The Sunday Brief

Connecting technology, telecommunications, and the internet

Value Creation – Long-term charts, Fab Five vs. Telco Top Five (Dec 22)

by | Dec 23, 2023 | TSB

Happy Holidays from The Sunday Brief Colorado office. The markets as a whole continued to chug along this week, and, as surmised, the Fab Five are beginning to plateau (no gain this week).

Fortunately, last week’s performance is not indicative of the Fab Five’s fabulous year. We will do more retrospective in next week’s full Brief, but let’s digest the Fab Five’s performance for 2023:

  1. Microsoft and Apple each added ~$1 trillion in market capitalization in 2023 (and both companies have reduced the number of shares through buybacks). Hard to remember after all of the AI hoopla, but UBS downgraded Microsoft at the beginning of 2023 with a $250 price target
  2. The group added ~$4 trillion of market capitalization, more than overcoming 2022’s $3.8 trillion loss
  3. The total Fab Five market capitalization has now topped $10 trillion

The Telco Top Five also had a decent week and year, with July’s lead cable-induced trough largely erased for AT&T and Verizon. Assuming that year-to-date gains do not fall apart in the last week of trading, this will be the best year for the Telco Top Five since 2020.

Two news items in the telecom industry of note. Crown Castle announced that it has begun a strategic review of their fiber business per this Light Reading report. For those of you who are unfamiliar with Crown’s purchases, the company provides a history of their fiber acquisitions here. As the article indicates, the amount of value to be unlocked is not much more than the total amount paid for the assets originally (Raymond James estimates a $15.2 billion value for $15 billion in total purchases). As we will discuss in detail next week, the best solution is likely an investment in the fiber unit (spinoff/ tracking stock) as opposed to an outright sale.

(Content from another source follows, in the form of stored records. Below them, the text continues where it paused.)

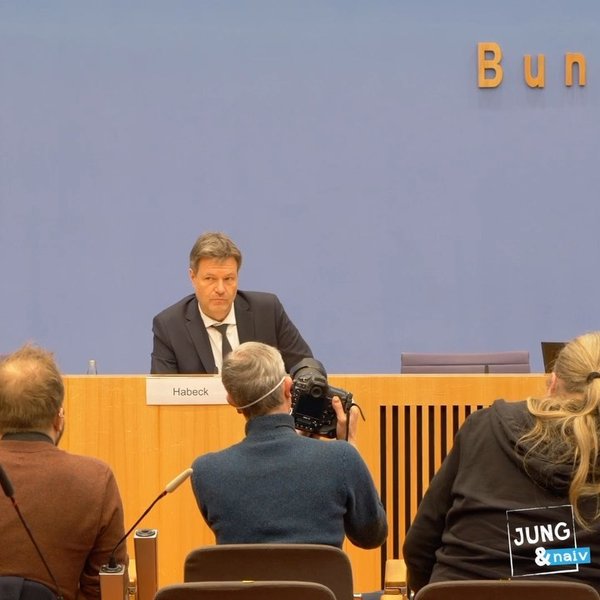 Thumbnail of p-czmuxkxsihc-2137e43720054628 1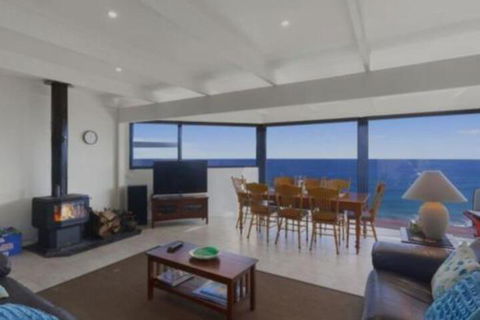 Wye Escape With Amazing Sweeping Ocean Views - Accommodation Sunshine Coast 4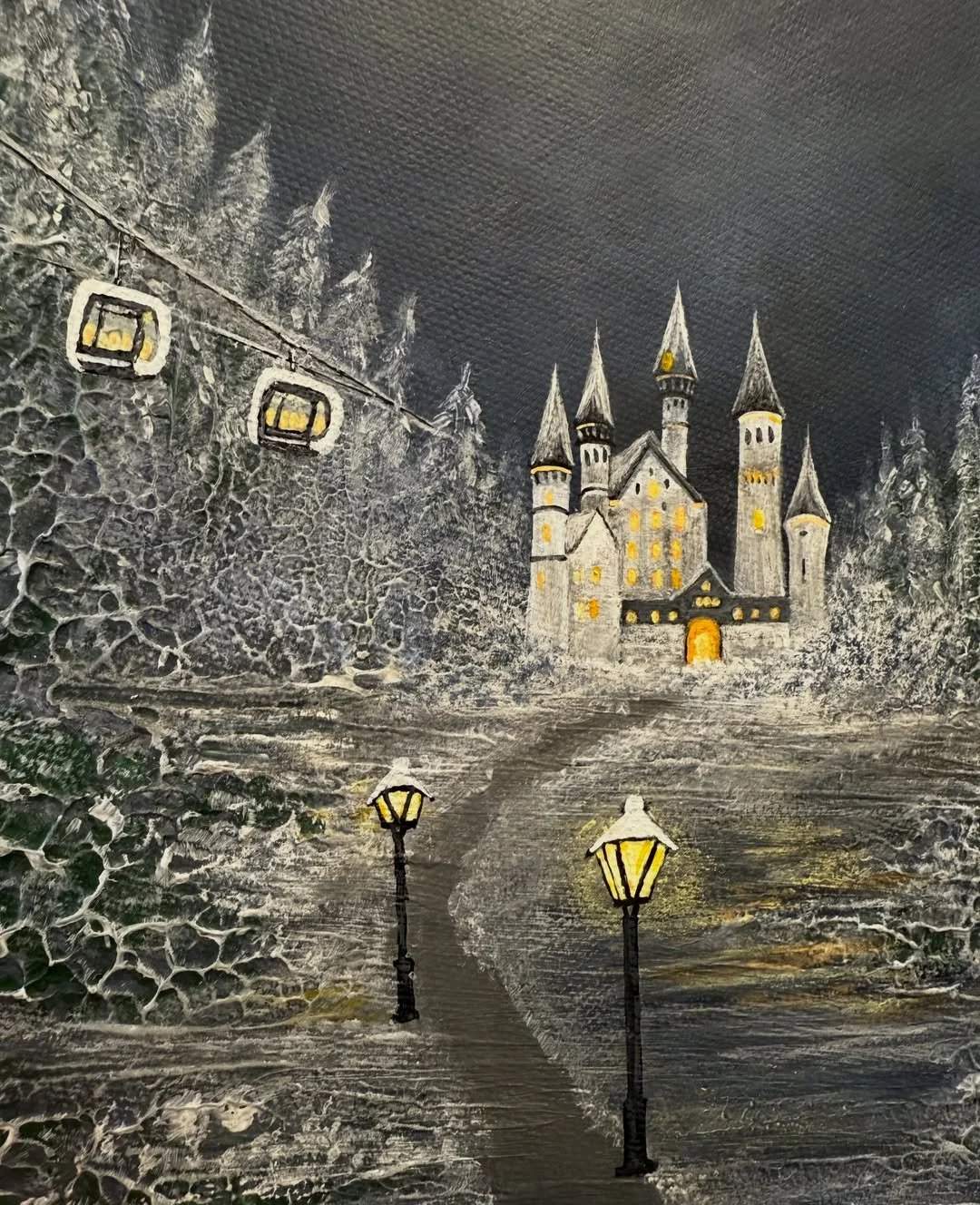 Gesamtansicht eines runden Acryl-Wandbildes, das eine leuchtende Burg in einem verschneiten Wald zeigt.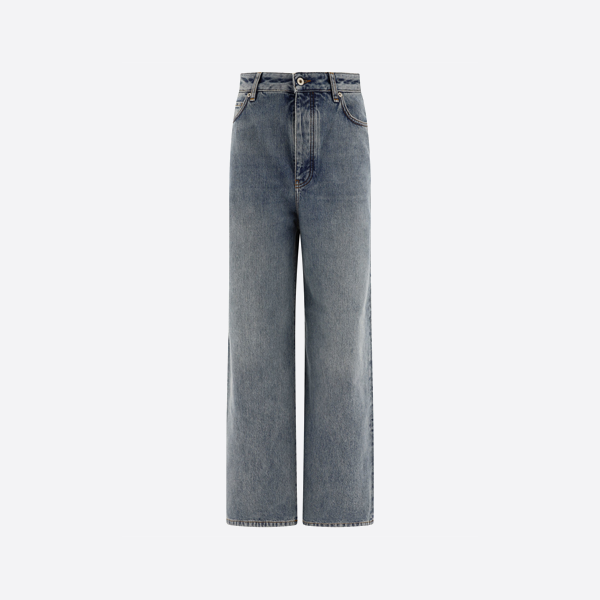 ロエベのクラシックなミニマリストジーンズ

The second item that many are watching is the volume-adjusted weighted average of TMUS stock. With its recent rise into the mid-$150s range, it’s a question of whether it’ll be a 2023 or a 2024 event. With our calculations showing the current 45-day average of $149.06 (and the target no longer $150 but $149.35 adjusted for the dividend), it’s likely to be a 2023 event. Calculations available upon request (and if there are enough requests, I’ll update this post with the spreadsheet).